Interestingly enough, in the Dollar General transaction, KKR will be a lead underwriter. This is unusual for private equity firms, but for KKR it's a way to transform its model to find new ways to generate new sources of income, which is certainly much-needed right now.
Tom Taulli is the author of various books, including The Complete M&A Handbook and the cofounder of Phitch, which provides inventory management software for small and medium size businesses.











Reader Comments (Page 1 of 1)
7-30-2009 @ 1:22PM
JBS5022 said...
Dollar General should be able to post a margin of profit seeing how they will not pay anything worthwhile to their employees and anybody should post a margin of profit...whenever your getting your work force for practically free labor.

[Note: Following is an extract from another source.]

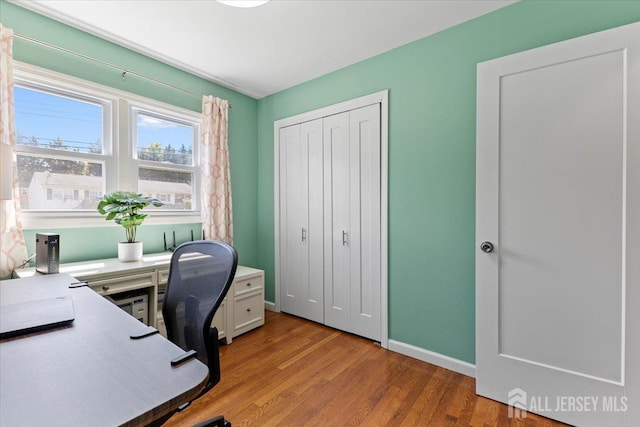 office space with light wood finished floors and baseboards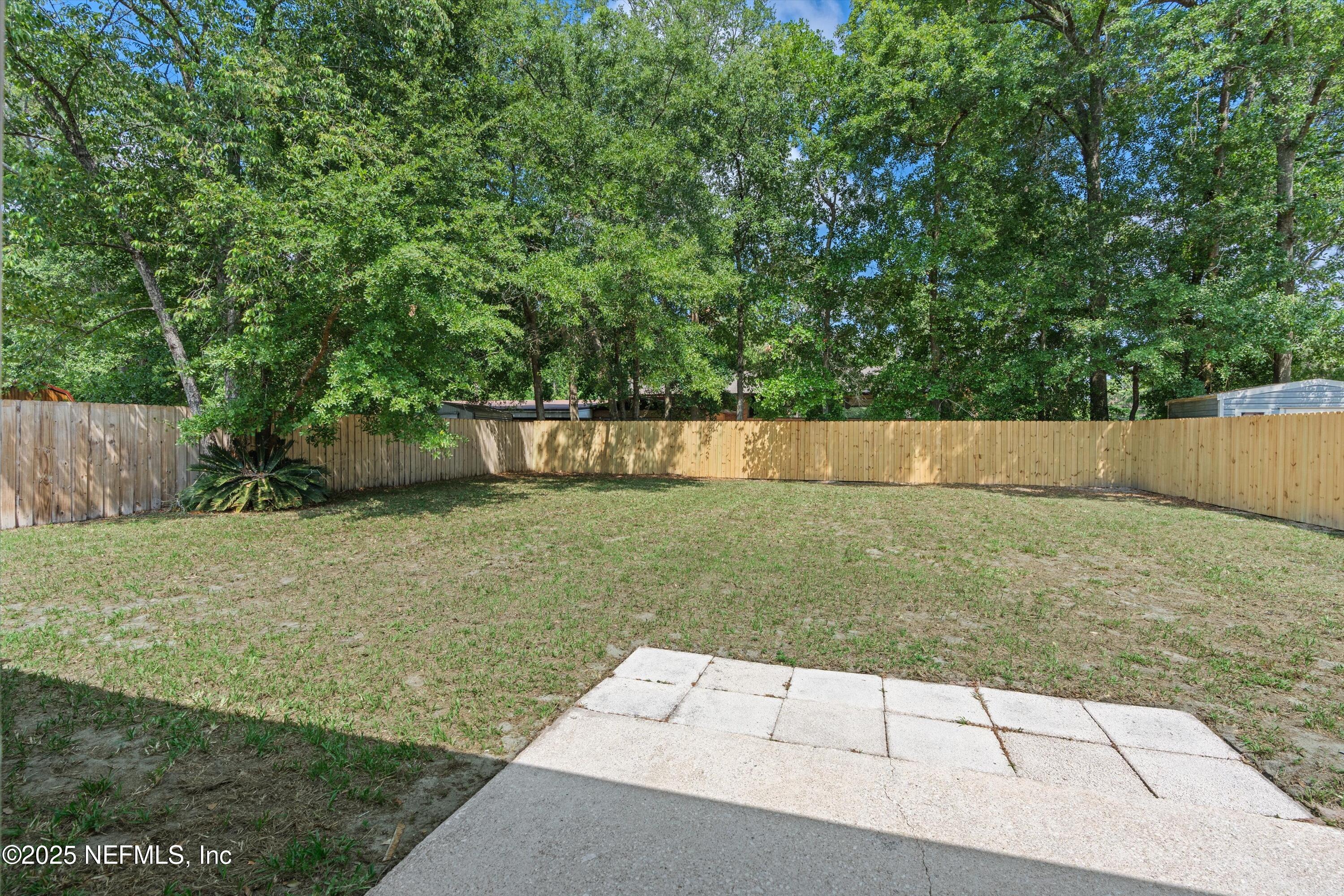 10713 Rutgers Road Jacksonville, FL 32218 - Photo 2 of 26 a view of backyard with green space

They hire with an intent to barely allow their employee's anything but a few meager hours a week. No over time, no profit sharing, the only opportunity an employee has is to become a manager, or assistant manager..or what they call third key. These make about 7.00 to 9.50 and hour. Depending on what management scale you fit in. All other employee's are paid less than that, with a maximum work schedule of less than thirty hours per shift. Don't patronize Dollar General's efforts until you tell the whole story.
7-29-2009 @ 5:03PM
UltimoDragon said...
It should be noted that Dollar General was a publicly traded before KKR bought them.
My senior year of high school, our history teacher conducted a side project where we all researched and 'bought' 100 mythical shares in one stock. At the end of two months, the student who made the most money won $20. A friend of mine chose Dollar General (working there part time) and won the contest.
7-29-2009 @ 5:30PM
Denise said...
Glad to hear some good news for a change. I hope Dollar General takes over the whole world, wink...
7-29-2009 @ 5:34PM
al coholic said...
There are a lot of new Dollar General stores here in upstate South Carolina and they are doing very well. It's the only place where Wal-Mart prices seem high by comparison.
I also like Fred's.
7-29-2009 @ 7:37PM
Lisa said...
I use to be a Manager for Dollar General and they don't pay anything and work there staff like slaves. I will never shop there again
7-29-2009 @ 9:38PM
Dean said...
Dollar General does good because they use slave labor.
7-29-2009 @ 10:09PM
dxxy4u said...
Well, You can kiss Dollar General good bye. It will go the way of Wal-Mart. What a shame. Now I'll have only Dollar General and Dollar Tree to shop at.